═══ DATA IN THIS EXERCISE

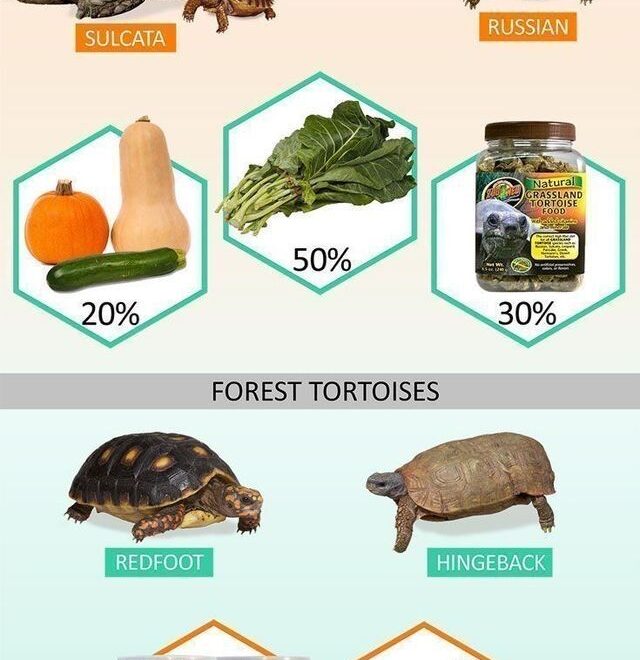 What Do I Feed a Tortoise? Safe Foods and Nutrition Guide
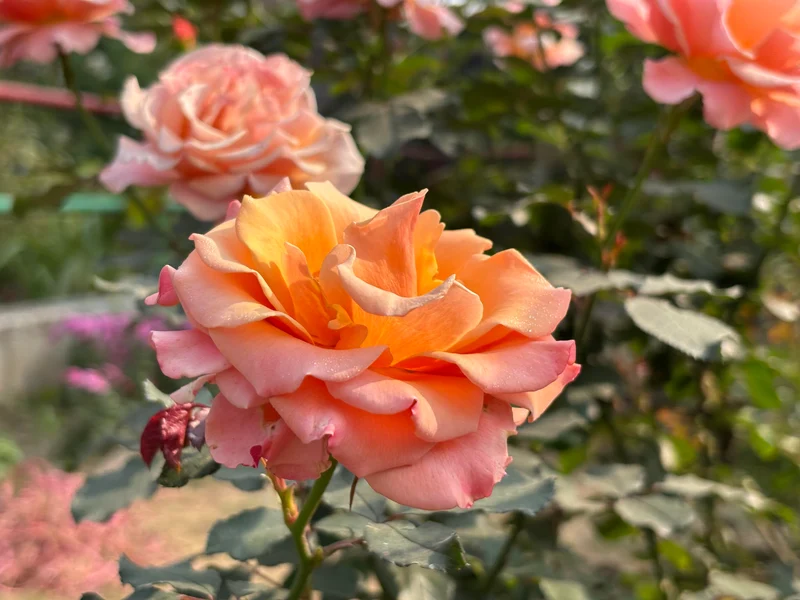 Rosier floribunda ‘Forever Amber’ ( Rosa ‘Forever Amber’)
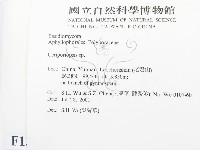 登錄號:F0013535藏品圖，第2張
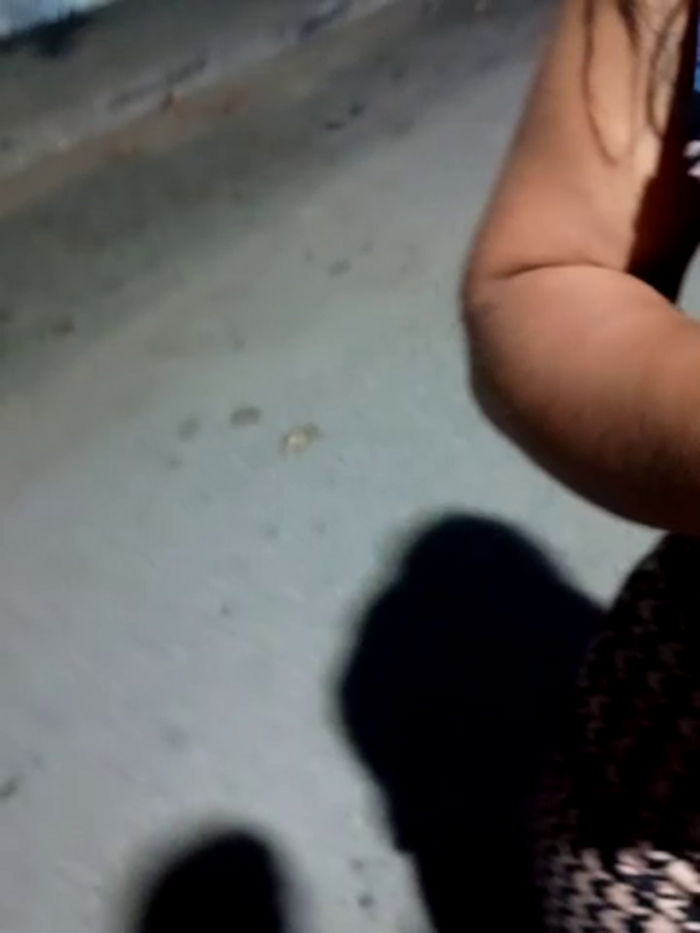 720BRENDA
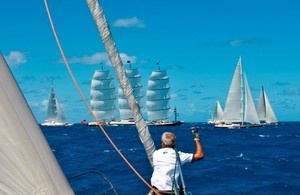 Perini Navi ходят стаями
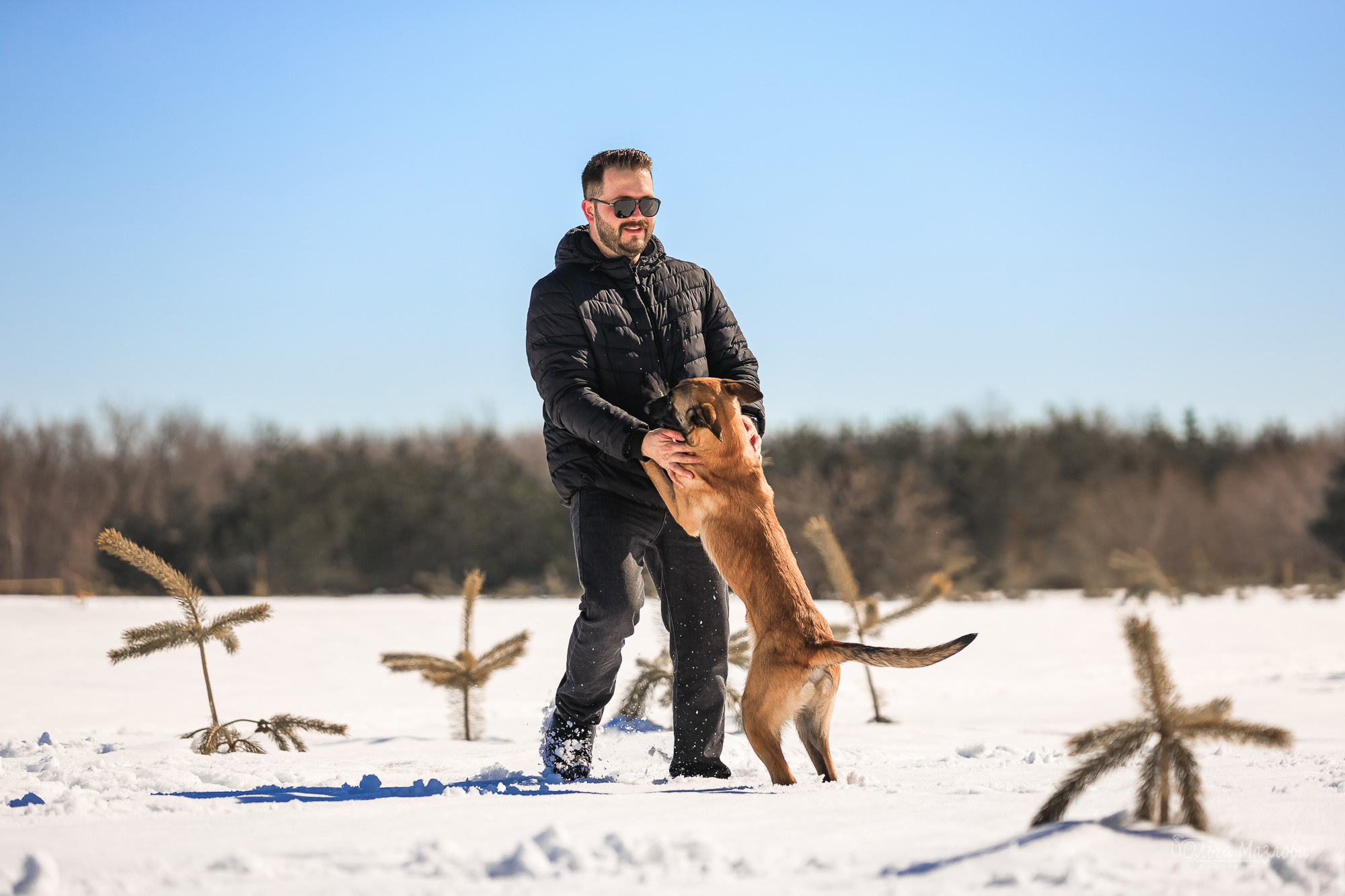 фотограф-анималист Саратов
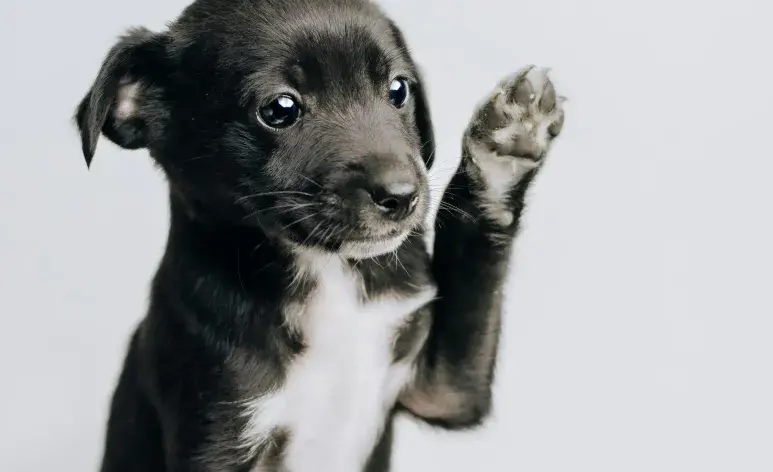Recuerda que la alimentación es básica para una mejor vida para el cachorro.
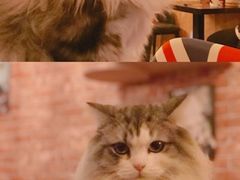 -名猫咖啡馆·撸猫·拼豆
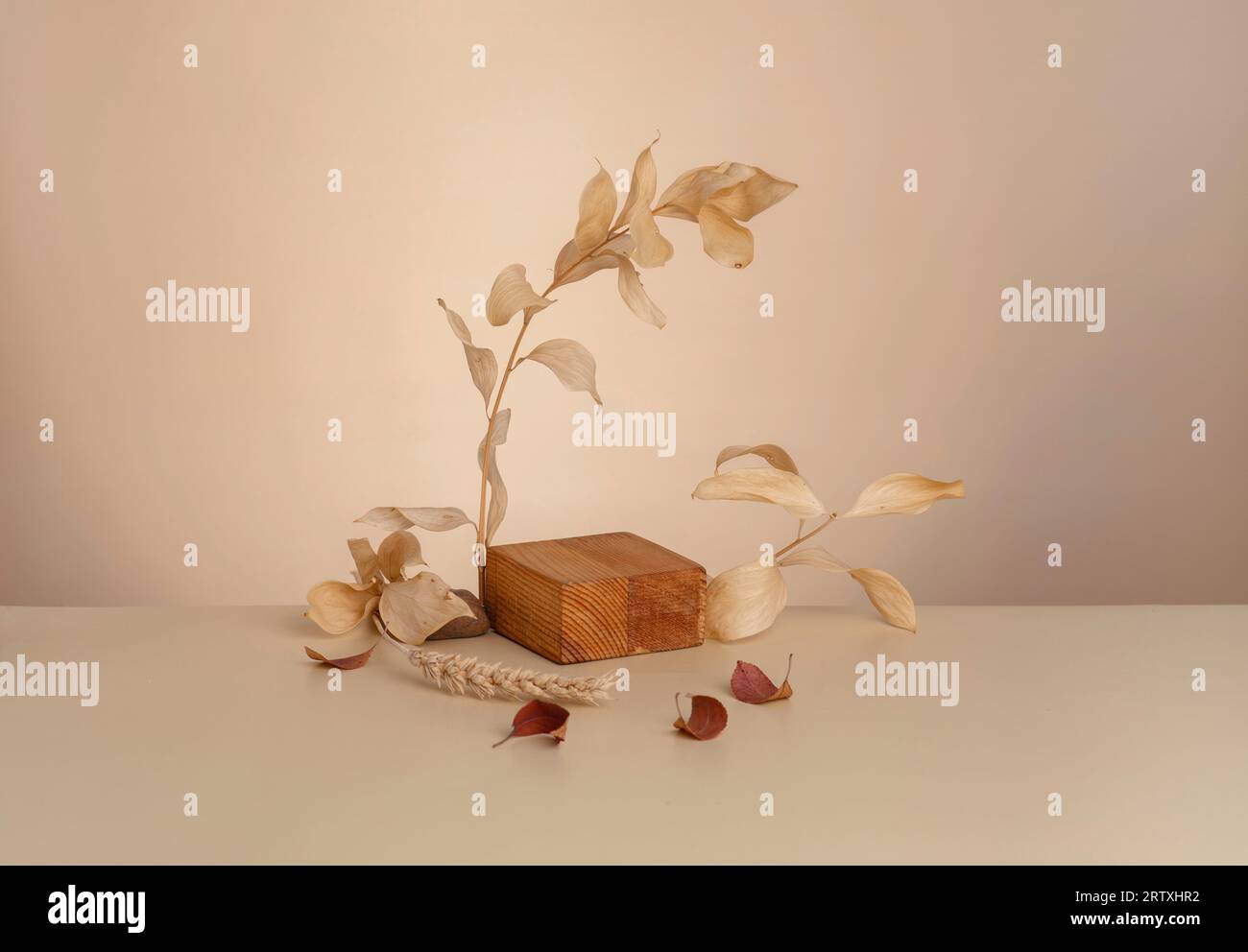 Herbstliche Eleganz: Von der Natur inspirierte Kosmetikvitrine mit Blattakzenten. Beigefarbener Hintergrund für das Branding und die Verpackungspräsentation Stockfoto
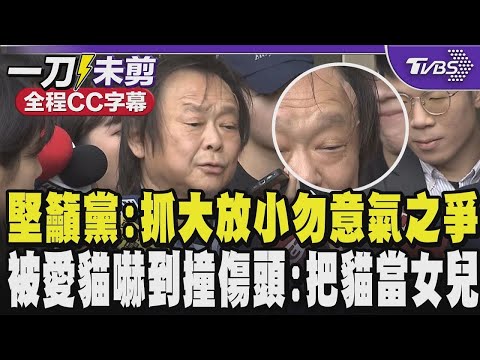 【全程CC字幕】王世堅:行政院不副署 身為執政黨的立委 黨怎麼決定我們只能就跟著遵守 呼籲黨:要抓大放小 勿意氣之爭 被愛貓嚇到撞傷頭:把貓當女兒疼|TVBS新聞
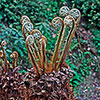 Tree Fern Dicksonia Antarctica Log Tree Fern Dicksonia Antarctica Log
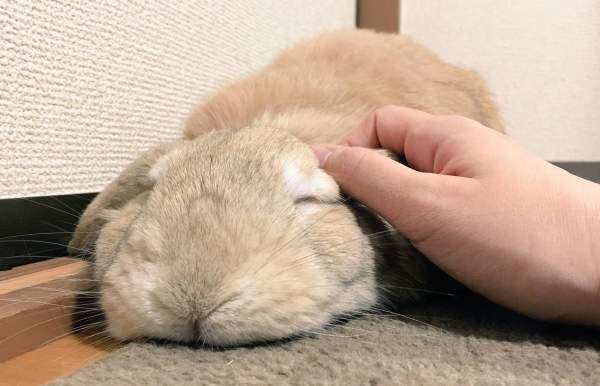Лечение кривошеи кроликов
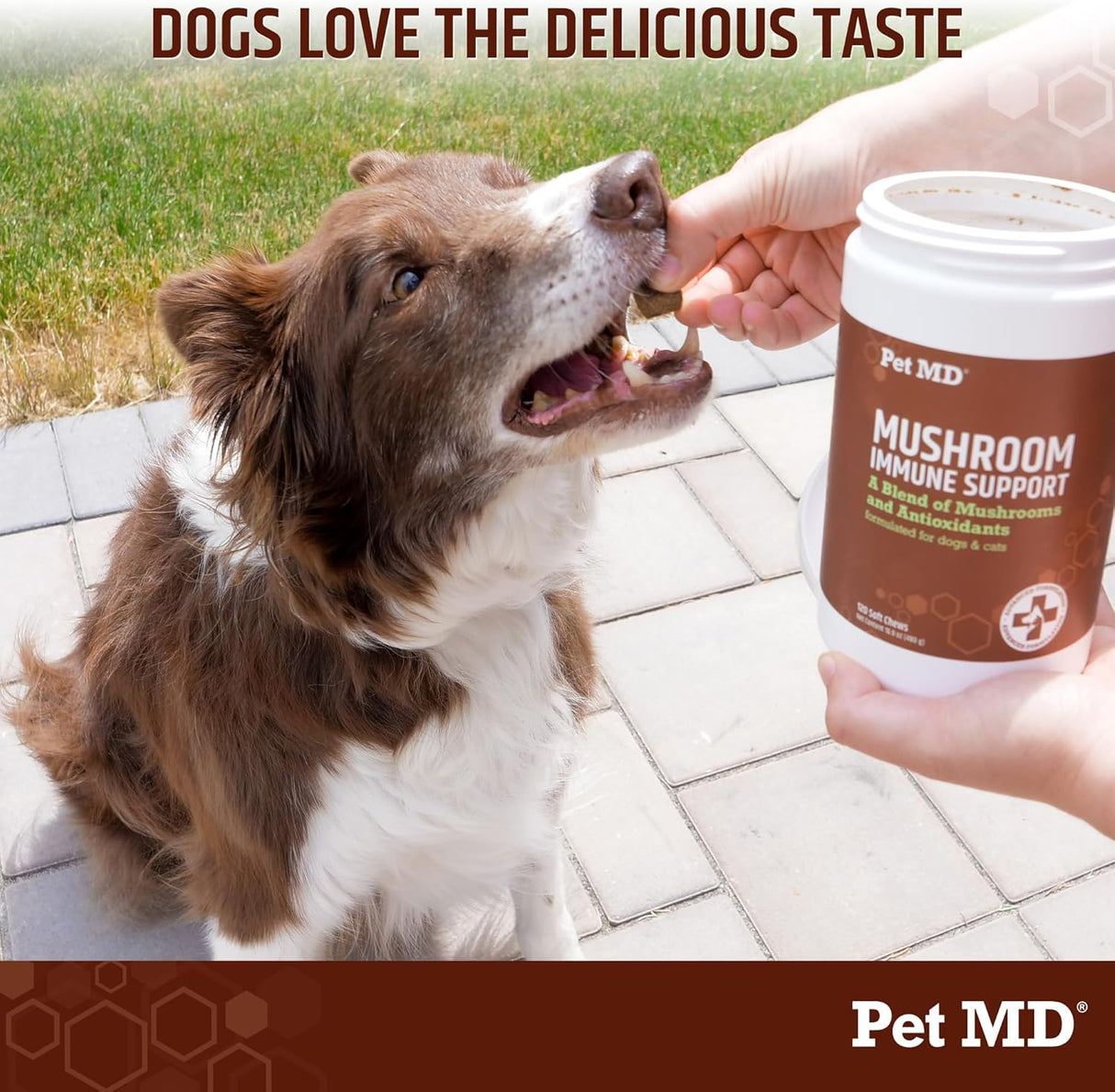 PET MD - Pet MD Mushroom Immune Support for Dogs & Cats 120 Masticables - The Red Vitamin MX - Suplementos Herbales Para Perros - {{ shop.shopifyCountryName }}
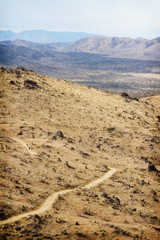 Hiking a trail in the desert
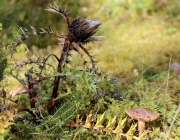 Mieminger Herbstwald – Der Goldene Herbst auf Abschiedstour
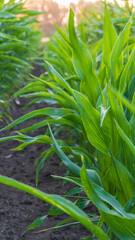 Obraz premium corn field at sunset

══════

Range to copy from the records above: the line containing "Herbstliche Eleganz: Von" to the line containing "呼籲黨:要抓大放小 勿意氣之爭 被愛貓嚇到撞傷頭:把貓當女兒疼|TVBS新聞", both included. Output those lines exactly and only those, skipping pictures.

EXPECTED OUTPUT
 Herbstliche Eleganz: Von der Natur inspirierte Kosmetikvitrine mit Blattakzenten. Beigefarbener Hintergrund für das Branding und die Verpackungspräsentation Stockfoto
 【全程CC字幕】王世堅:行政院不副署 身為執政黨的立委 黨怎麼決定我們只能就跟著遵守 呼籲黨:要抓大放小 勿意氣之爭 被愛貓嚇到撞傷頭:把貓當女兒疼|TVBS新聞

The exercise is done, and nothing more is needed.